◆ **Task brief**:
Would you return the data exactly as given, except for its pictures?

◆ **Material provided**:
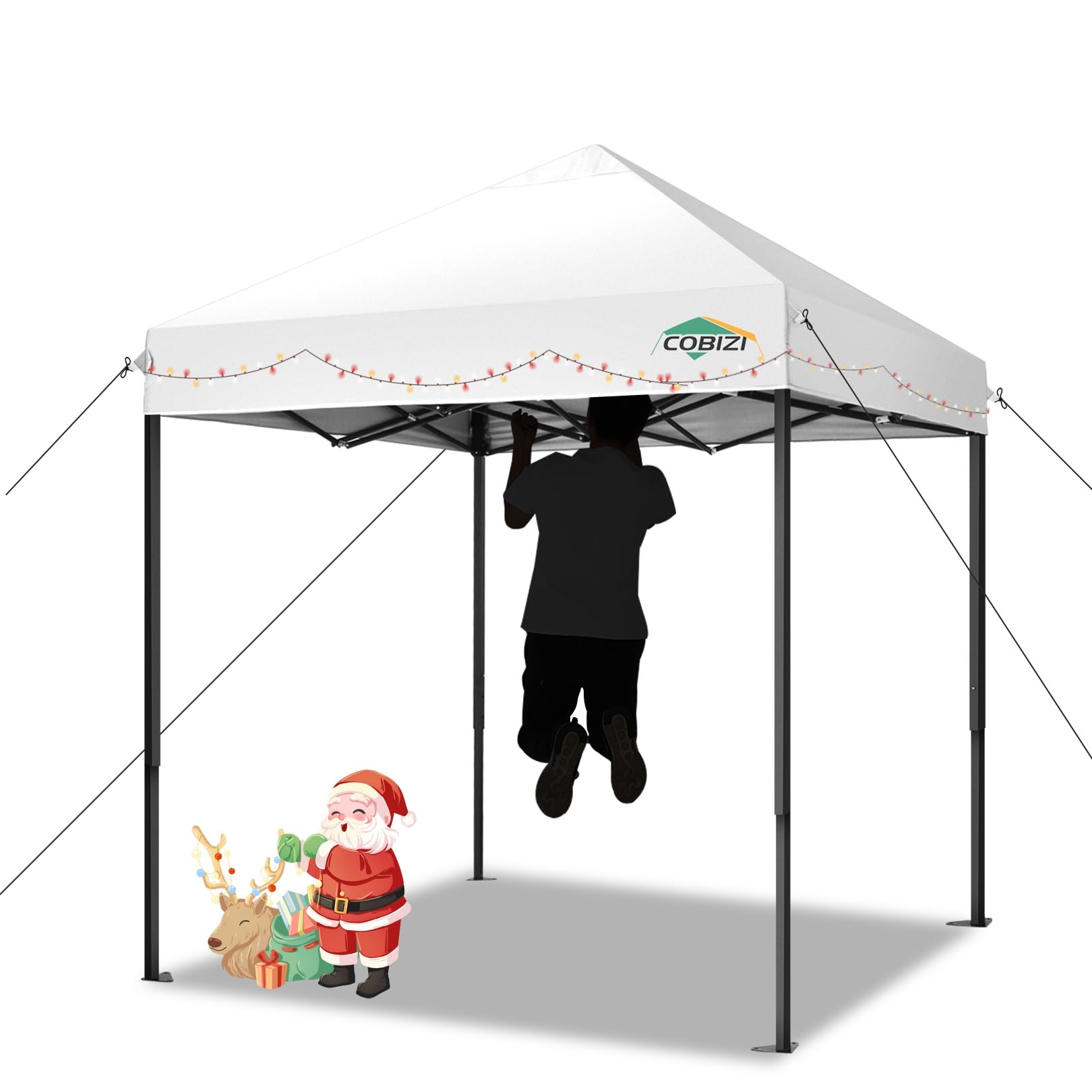 cobizi 6.6x6.6ft pop up canopy tent, heavy duty canopy easy set up all weather waterproof outdoor canopy tent for parties, beach, garden, camping with 1 handbag, 3 adjustable heights, upf50+, white
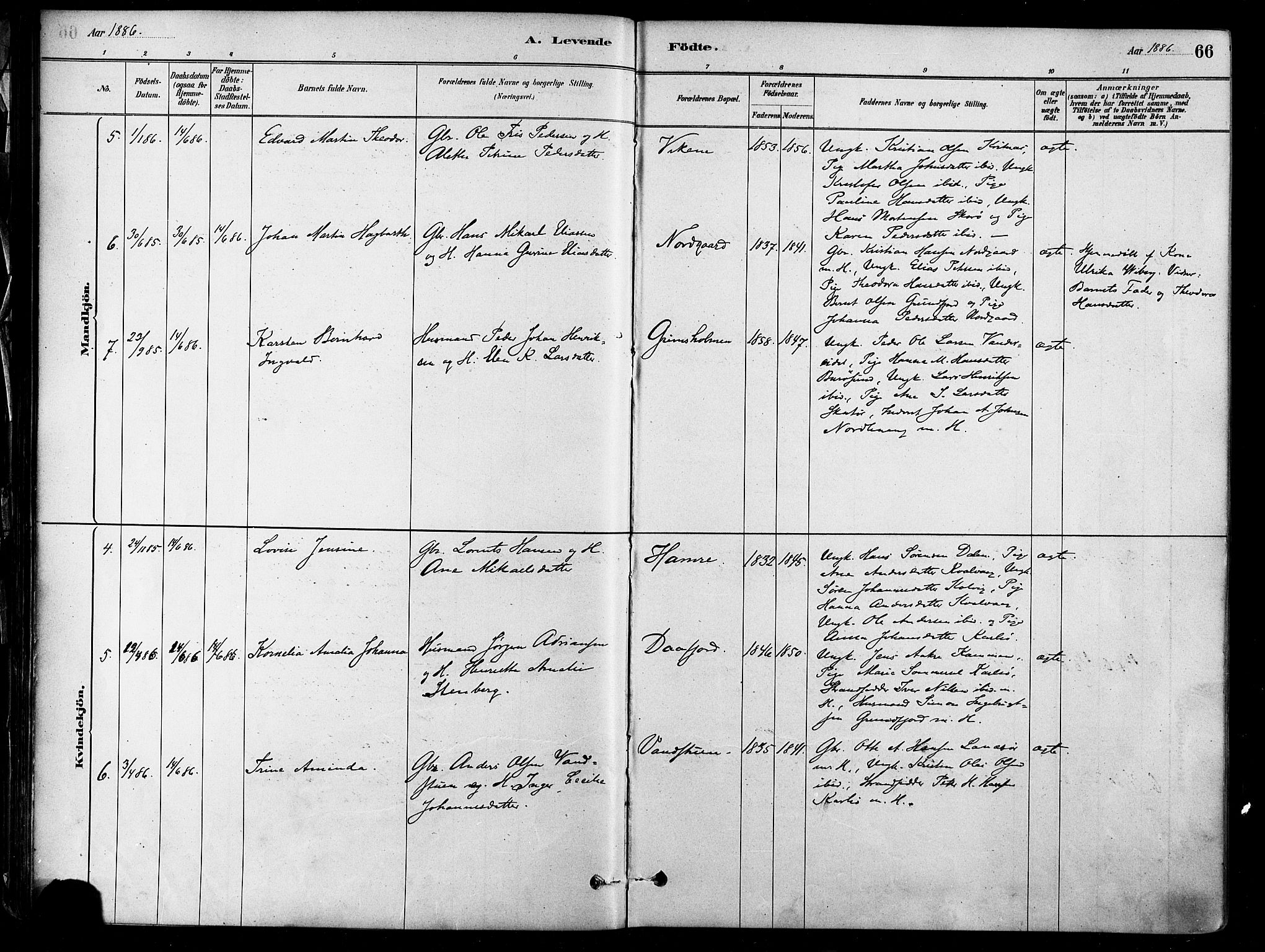 Karlsøy sokneprestembete, AV/SATØ-S-1299/H/Ha/Haa/L0006kirke: Parish register (official) no. 6, 1879-1890, p. 66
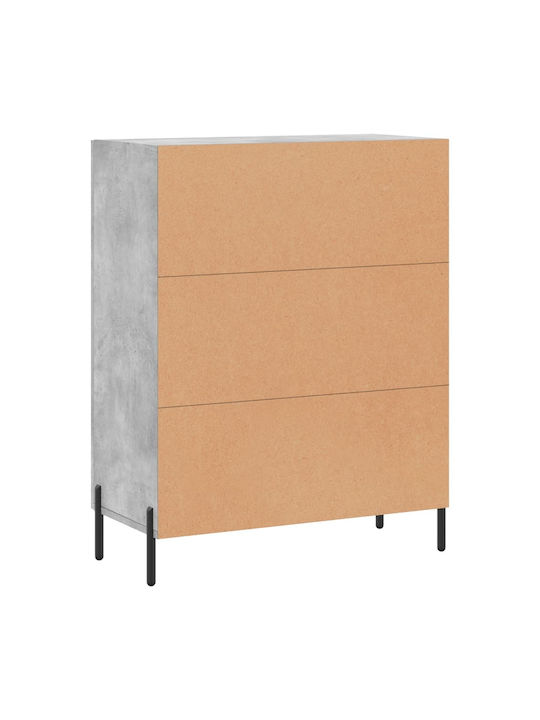 Living Room Cabinet made of Wood and Metal Grey 69.5x34x90cm
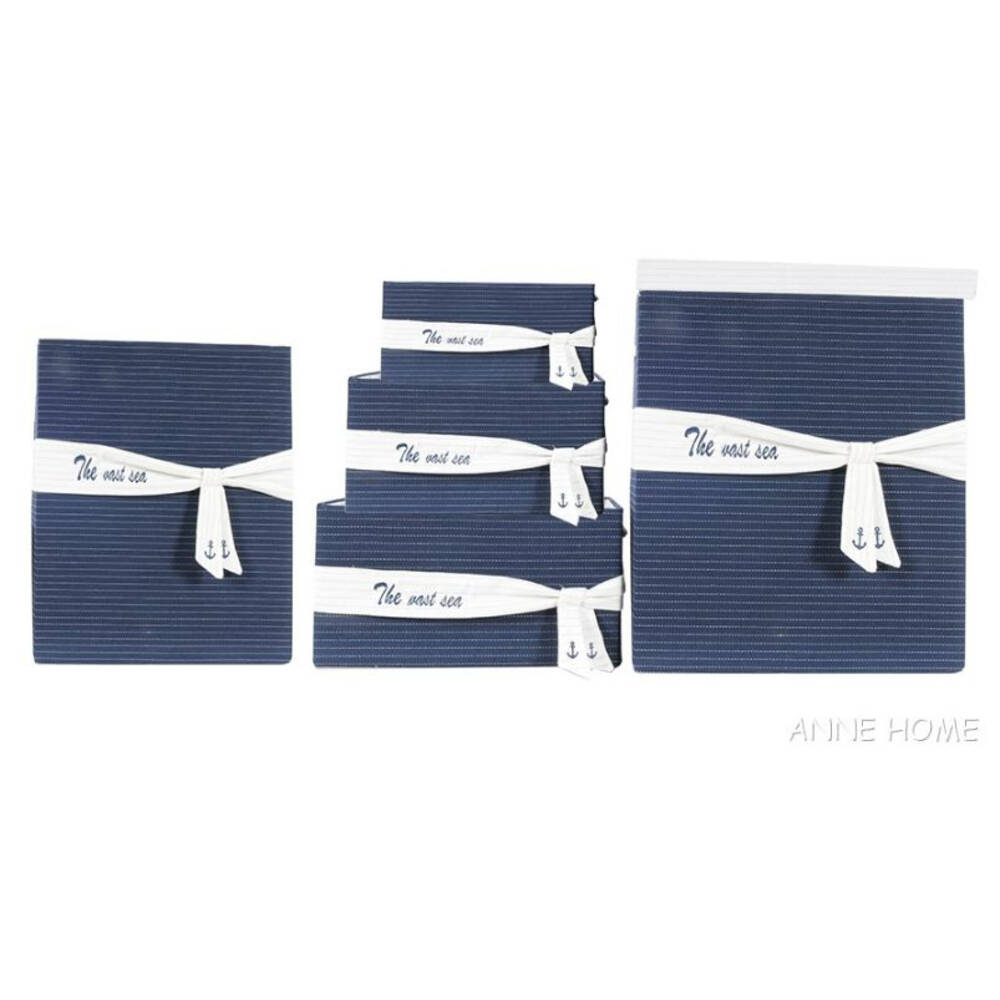Anne Home - Set of 5 Blue Fabric Basket With Bow Decoration - AB009 - Old Modern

◆ **Solved problem**:
 cobizi 6.6x6.6ft pop up canopy tent, heavy duty canopy easy set up all weather waterproof outdoor canopy tent for parties, beach, garden, camping with 1 handbag, 3 adjustable heights, upf50+, white
 Karlsøy sokneprestembete, AV/SATØ-S-1299/H/Ha/Haa/L0006kirke: Parish register (official) no. 6, 1879-1890, p. 66
 Living Room Cabinet made of Wood and Metal Grey 69.5x34x90cm
Anne Home - Set of 5 Blue Fabric Basket With Bow Decoration - AB009 - Old Modern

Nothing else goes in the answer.